After years of having to use a dorm-sized refrigerator, "I can have wine and beer now...if I want to," he says smiling, wearing a T-shirt with a cartoon of a smiling vitamin and grinning cupcake holding hands. He's shifting around in his chair at the Texas Expresso, hair rumpled as only an art student can fashion.

"No, but seriously," he says, "it really is gonna change everything for me."

Standard-size refrigerator ownership is just the beginning of what graduation this May from The University of Texas at Austin will mean to Holloway. This spring is the start of a long series of old but new experiences for Holloway. He expects to face a lot of the same challenges most graduates face, making the transition from living in "the UT bubble" as he puts it, into the world to find a job that will pay him for his art. But he also has some other major, life-transforming decisions to consider, like going from a manual to automatic wheelchair, using a keypad on his new house instead of a traditional lock and driving for the first time in six years.

Holloway and his older brother Travis, also a University of Texas at Austin graduate, grew up in Katy, Texas, just outside Houston. Both excelled in athletics and art, and their parents supported their endeavors. Holloway pursued drafting and swimming, but despite his natural talent in art, he enrolled as a natural science major. He continued to draw, sketch and doodle, but seriously pursuing art as a study and as a career didn't look like a possibility.

That all changed after an accident at a party his freshman year, in spring 2003, left Holloway paralyzed from the chest down.

After several weeks at Brackenridge Hospital, Holloway returned home to Katy to recover. While in physical therapy, it came up that he knew how to draw well and had won awards. His therapists wanted to see some of his work. Holloway asked one of his therapists for a sheet of paper and a pencil and went off into a room by himself to draw, to see if he could still create art in his own style as he did before the accident. Holloway is unable to move his hands, but he figured out he could thread a pencil or paintbrush through his hand. Not only could he still draw, but he found out he could draw in his own style. The first thing he drew was a portrait of his brother, Travis.

Despite having to learn and practice new skills to adapt to his situation, Holloway quickly grew restless in Katy and told his parents he was returning to the university as soon as possible. They were not so sure.

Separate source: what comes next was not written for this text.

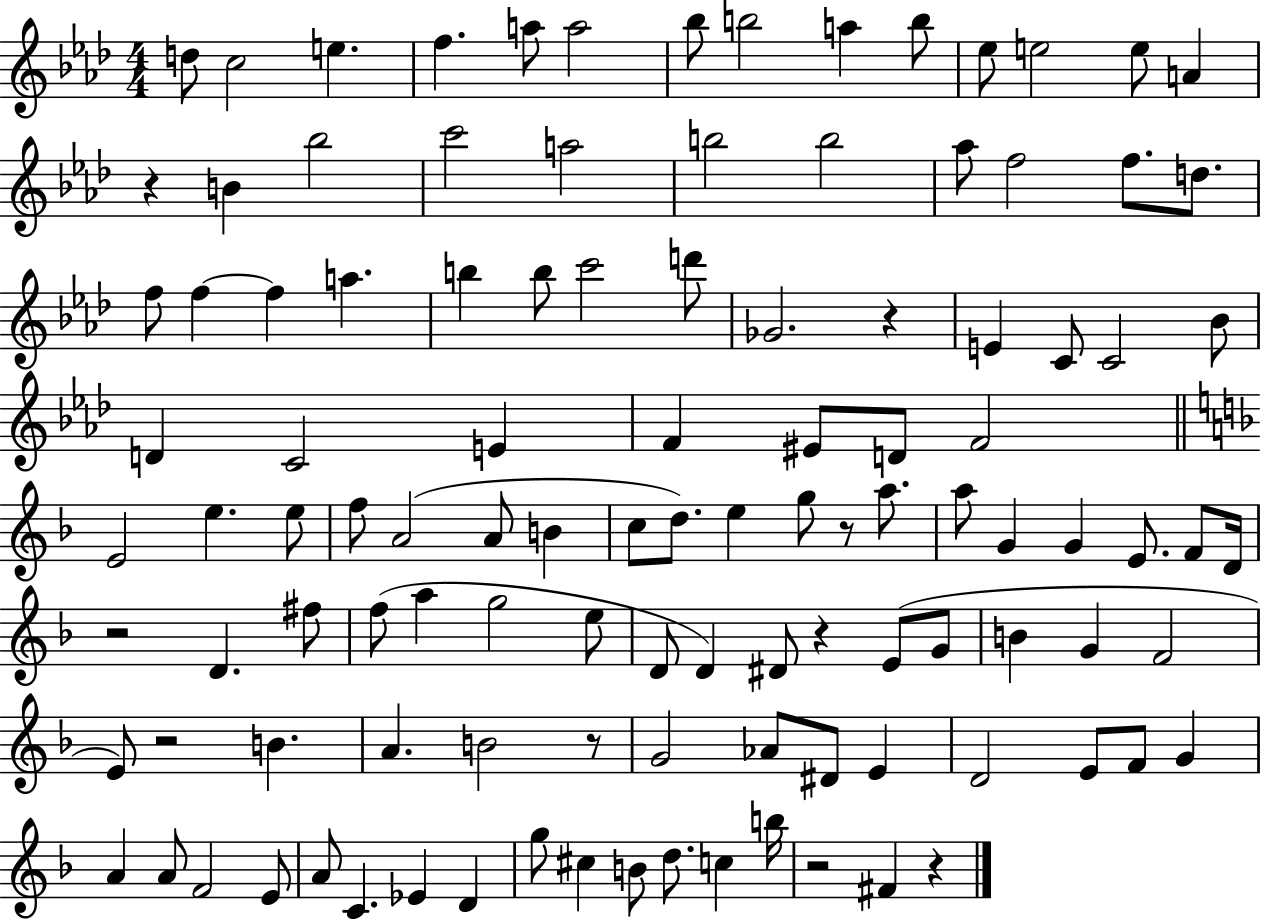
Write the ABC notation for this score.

After three months in the hospital and six months in rehab, Holloway came back to the university in fall 2004 and decided to pursue art as his major. He started off in Visual Arts Studies with the intent to teach, but still wasn't completely happy there. So he made the move to studio art.

"When I told my professor [Sarah Canright] about what I had done, her response was 'Oh, good! You're finally where you're supposed to be.' And when I took Troy Brauntuch's class I told him 'this is all new to me, but I'm willing to try if you are' and his response was, 'Well...yes, of course.'"

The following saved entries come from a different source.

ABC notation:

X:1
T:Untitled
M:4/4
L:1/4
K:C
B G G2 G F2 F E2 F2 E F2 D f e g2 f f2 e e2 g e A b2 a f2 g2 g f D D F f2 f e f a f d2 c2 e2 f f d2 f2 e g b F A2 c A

The matter-of-fact responses from his new professors were a much-needed antidote to the dramatic, sweeping changes from the year past.

Holloway's hands are unable to move, but they can still command paintbrushes and pencils with astonishing precision and skill, and create amazing works of art on canvas and paper.

His accident left him unable to use his hands, but he still has some use of his wrists and shoulders. Paintbrushes and pencils lie in neat rows on a table next to his canvases. He doesn't 'pinch' them to pick them up so much as he threads or presses them through the spaces between his fingers. His details, his lines, are so fine, they look like they were created with a toothpick. A very small pencil drawing of his in the studio has a bear on a bike, and no detail has been spared. Every perfectly formed, individual tiny claw can be counted.

Holloway's large-scale oil painting portraiture could be called realism, they so closely resemble photos he takes of his friends, food or objects and situations he finds "gross...but still beautiful."

Indeed, Holloway's studio space is surrounded by huge canvases with gaping mouths eating ice cream, bubble gum and cookies. There's even a still-life with a sopping, greasy cheeseburger. Yet, through Holloway's eyes, sensibilities and hands, these objects and subjects are beautiful.

Holloway's determination, diligent practice (he spends about 30 hours a week in the advanced painting studio) and success encouraged his parents to support his choice to pursue a career in art. Because he works on such a large scale, he had to find a way to access his entire canvas. Using a peg board to mount his works required asking people to raise and lower his works for him, so his father made a pulley system using large window blinds that hold his canvases, allowing Holloway to raise and lower the canvases on his own so he can work at his own prolific pace.

Holloway's work was recently exhibited at the Smithsonian Institute and Kennedy Center in Washington, D.C., and is now part of a touring exhibition titled "Driven." For Holloway, there could be no more suitable title.